START INPUT DATA

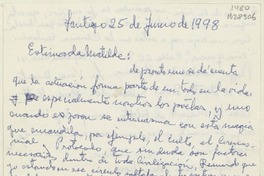 [Carta] 1998 junio 25, Santiago, Chile [a] Matilde Ladrón de Guevara  [manuscrito] Carmen Gaete Nieto del Río.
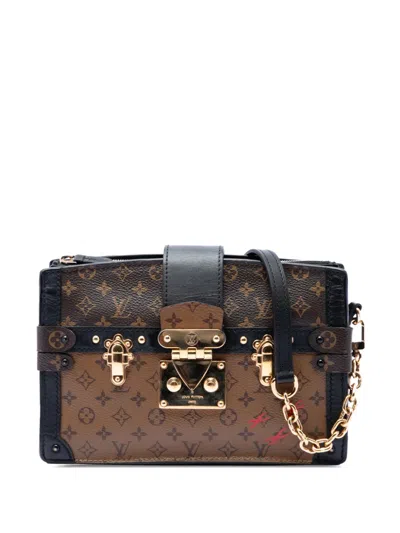 Pre-owned Louis Vuitton 2010-2025 Monogram Reverse Trunk Clutch Crossbody Bag In Brown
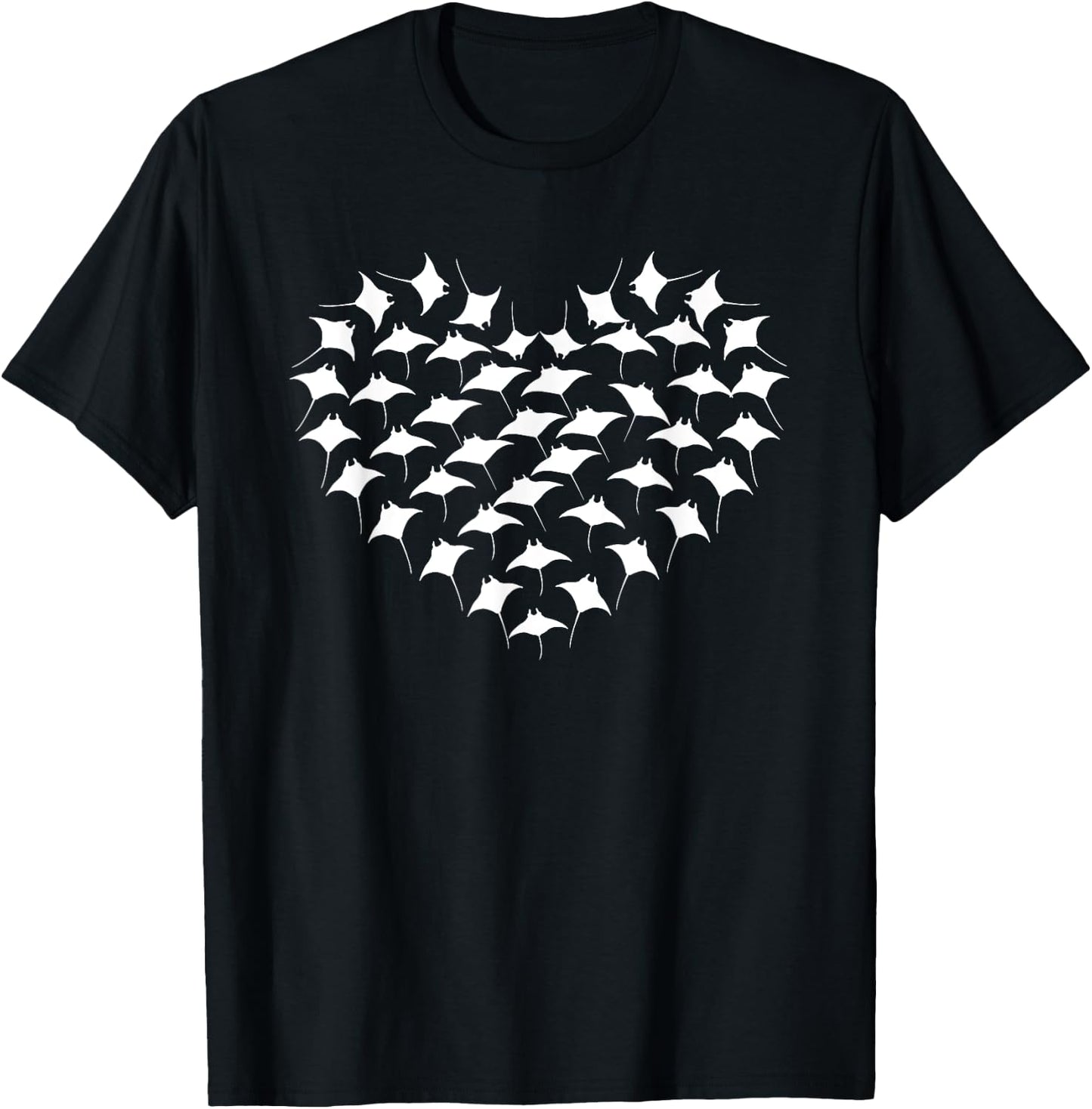 Great Stingrays Heart Design Ocean Diving Manta Ray T-Shirt - T-Shirt | Black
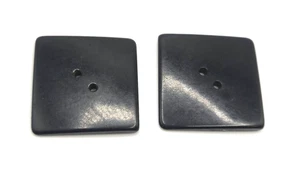 Vintage Bakelite 1.5" Square Buttons Set of 2 Black - Picture 1 of 3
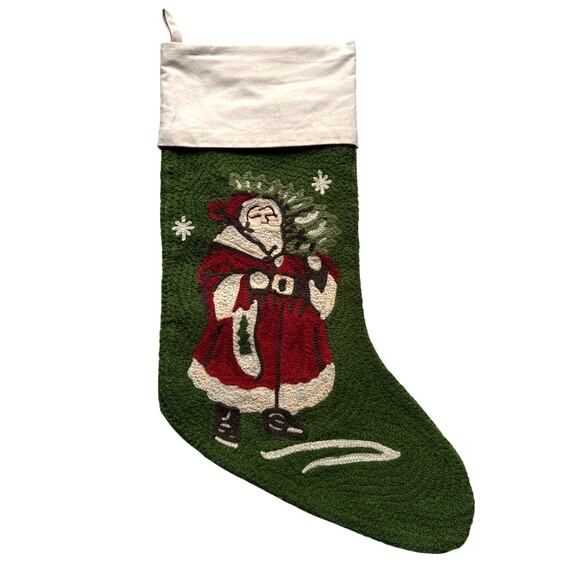 Pottery Barn Santa Christmas Stocking Sage Green Vintage Decor Holiday - Picture 1 of 7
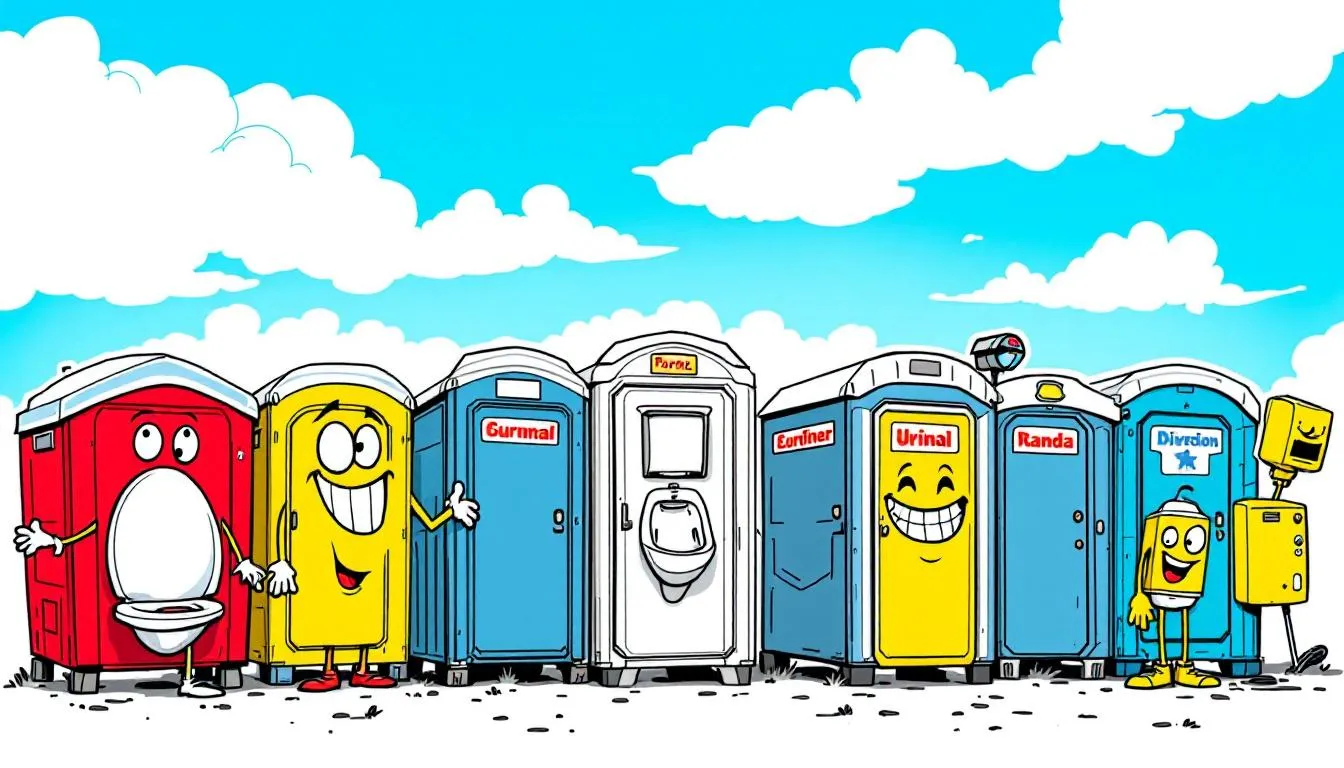 Popular brands of porta potties on display.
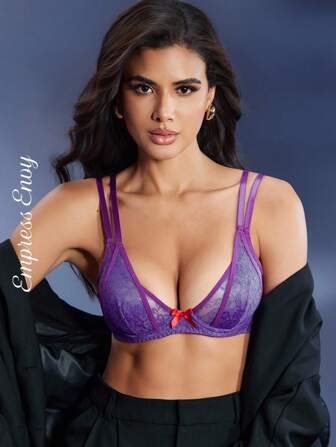 SHEIN Opulent Queen Women's Floral Lace Bow Design Fashion Bra Lace Bra Push Up Bra Criss Cross Bra Purple Bra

END INPUT DATA

Copy every entry exactly, leaving out the pictures.

 [Carta] 1998 junio 25, Santiago, Chile [a] Matilde Ladrón de Guevara  [manuscrito] Carmen Gaete Nieto del Río.
 Pre-owned Louis Vuitton 2010-2025 Monogram Reverse Trunk Clutch Crossbody Bag In Brown
 Great Stingrays Heart Design Ocean Diving Manta Ray T-Shirt - T-Shirt | Black
 Vintage Bakelite 1.5" Square Buttons Set of 2 Black - Picture 1 of 3
 Pottery Barn Santa Christmas Stocking Sage Green Vintage Decor Holiday - Picture 1 of 7
 Popular brands of porta potties on display.
 SHEIN Opulent Queen Women's Floral Lace Bow Design Fashion Bra Lace Bra Push Up Bra Criss Cross Bra Purple Bra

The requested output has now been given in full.